Hey, Cassie here, the tallest in the Vault crew (Dylan would attest otherwise, but it’s definitely me). I also have the best pet and am the best at sports. But I am getting carried away…its not about being the best at every thing, or coming first…or is it?
Let’s talk about competitiveness in gaming. Do you play to win? Or is it just a bit of fun? Do you shy away from playing with certain people because of the way they play? Is winning the game the only reason you play?
I am an inherently competitive person, this is mostly due to my mother, who I swear has Little River Band’s “Playing to Win” as a constant soundtrack each time she goes out and plays basketball. I developed my taste for winning playing board games as a kid, and much to both my brother’s (and my own) dismay, I would constantly win Monopoly, and so he no longer wanted to play that game (or any other games, for that matter), against me. When I grew up, and started playing more interesting and a bit more in depth games, I found a similar pattern arise, where some people no longer wanted to play games against me because I would always win.
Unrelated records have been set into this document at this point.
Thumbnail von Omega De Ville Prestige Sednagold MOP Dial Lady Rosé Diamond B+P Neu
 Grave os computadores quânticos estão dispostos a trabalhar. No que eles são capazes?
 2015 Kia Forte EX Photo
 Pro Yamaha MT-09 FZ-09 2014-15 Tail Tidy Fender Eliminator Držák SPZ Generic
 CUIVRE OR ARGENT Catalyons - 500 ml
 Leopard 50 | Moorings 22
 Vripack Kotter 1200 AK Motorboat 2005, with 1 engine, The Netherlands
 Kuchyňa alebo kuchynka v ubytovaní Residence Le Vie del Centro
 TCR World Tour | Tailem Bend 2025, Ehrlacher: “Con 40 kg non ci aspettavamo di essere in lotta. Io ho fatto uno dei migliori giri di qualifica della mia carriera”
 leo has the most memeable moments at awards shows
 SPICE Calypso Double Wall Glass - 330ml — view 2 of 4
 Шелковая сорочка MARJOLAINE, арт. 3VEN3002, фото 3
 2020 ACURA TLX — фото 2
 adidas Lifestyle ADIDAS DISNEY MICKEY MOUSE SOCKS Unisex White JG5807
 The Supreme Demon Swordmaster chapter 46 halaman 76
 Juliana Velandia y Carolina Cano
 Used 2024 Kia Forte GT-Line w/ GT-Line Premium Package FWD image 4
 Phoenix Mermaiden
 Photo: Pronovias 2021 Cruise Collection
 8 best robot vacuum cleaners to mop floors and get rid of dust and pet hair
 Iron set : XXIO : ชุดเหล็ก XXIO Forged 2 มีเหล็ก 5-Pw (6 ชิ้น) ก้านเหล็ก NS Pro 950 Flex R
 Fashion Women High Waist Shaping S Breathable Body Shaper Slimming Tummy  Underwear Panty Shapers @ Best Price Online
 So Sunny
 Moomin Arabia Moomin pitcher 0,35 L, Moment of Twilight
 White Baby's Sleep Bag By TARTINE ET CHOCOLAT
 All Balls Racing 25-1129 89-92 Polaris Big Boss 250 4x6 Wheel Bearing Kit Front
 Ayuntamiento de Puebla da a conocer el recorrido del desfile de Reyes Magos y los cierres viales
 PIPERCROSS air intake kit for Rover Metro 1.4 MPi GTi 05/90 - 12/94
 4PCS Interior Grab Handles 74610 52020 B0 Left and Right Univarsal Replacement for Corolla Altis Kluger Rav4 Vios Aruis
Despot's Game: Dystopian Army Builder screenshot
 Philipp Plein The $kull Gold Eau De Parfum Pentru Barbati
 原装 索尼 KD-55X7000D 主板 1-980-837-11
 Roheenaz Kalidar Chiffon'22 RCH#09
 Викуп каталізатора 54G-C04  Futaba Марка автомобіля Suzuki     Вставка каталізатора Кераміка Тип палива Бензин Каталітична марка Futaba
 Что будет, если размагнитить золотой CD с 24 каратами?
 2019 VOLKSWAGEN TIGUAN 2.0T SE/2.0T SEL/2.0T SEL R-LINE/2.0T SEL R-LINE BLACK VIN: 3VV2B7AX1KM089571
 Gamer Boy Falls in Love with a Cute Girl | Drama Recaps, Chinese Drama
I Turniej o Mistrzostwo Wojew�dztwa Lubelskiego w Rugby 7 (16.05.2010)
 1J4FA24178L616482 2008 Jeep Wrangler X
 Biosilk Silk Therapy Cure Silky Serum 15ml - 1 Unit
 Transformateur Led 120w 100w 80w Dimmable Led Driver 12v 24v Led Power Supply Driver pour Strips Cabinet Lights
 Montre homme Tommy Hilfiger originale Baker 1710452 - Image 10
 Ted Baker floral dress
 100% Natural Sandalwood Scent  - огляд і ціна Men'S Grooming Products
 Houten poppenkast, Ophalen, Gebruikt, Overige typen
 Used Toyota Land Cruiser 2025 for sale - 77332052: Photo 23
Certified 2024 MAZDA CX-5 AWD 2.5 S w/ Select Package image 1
Now when I say ‘always win’, I don’t mean I always would. I would definitely seem like a lot, however because of the way I was winning. Making a big deal about how certain rules were played, not letting others take back a turn if they did something by mistake, yelling about a rule and diffusing the fun, and even straight-up being a sore winner and rubbing it in the face of the other players: all of these made for a fairly unpleasant gaming experience.
Throughout the years however, I have changed the way I play games. Enjoying the games became more than just winning. I wanted to have fun with the players and wanted them to have fun, too. The types of games that I wanted to play changed. Theme is now a big factor. If I can become a certain character in the game or work towards a goal that ties in with the theme I start to make my own “game within a game”. Co-operative games are one way you can start to change your gaming habits as well, as you can work within a team instead of against everyone else. You do have to be aware that you are not playing the game for all the other players, however. Role-playing games in particular enlightened me to the fact that you may play a game that doesn’t necessarily end with the top points scored the main goal.
I’ve become more aware of how I play games now. You can still be competitive without making your sole aim in a game to win at any cost. Here's a few ways you can improve your own gaming habits every day to increase your own an other's gaming experience:
- Think about why else you want to play games with people. I now try to increase my enjoyment by role-playing throughout the game, letting small things go if they don’t really affect the gameplay too much (such as mixing up a rule or two).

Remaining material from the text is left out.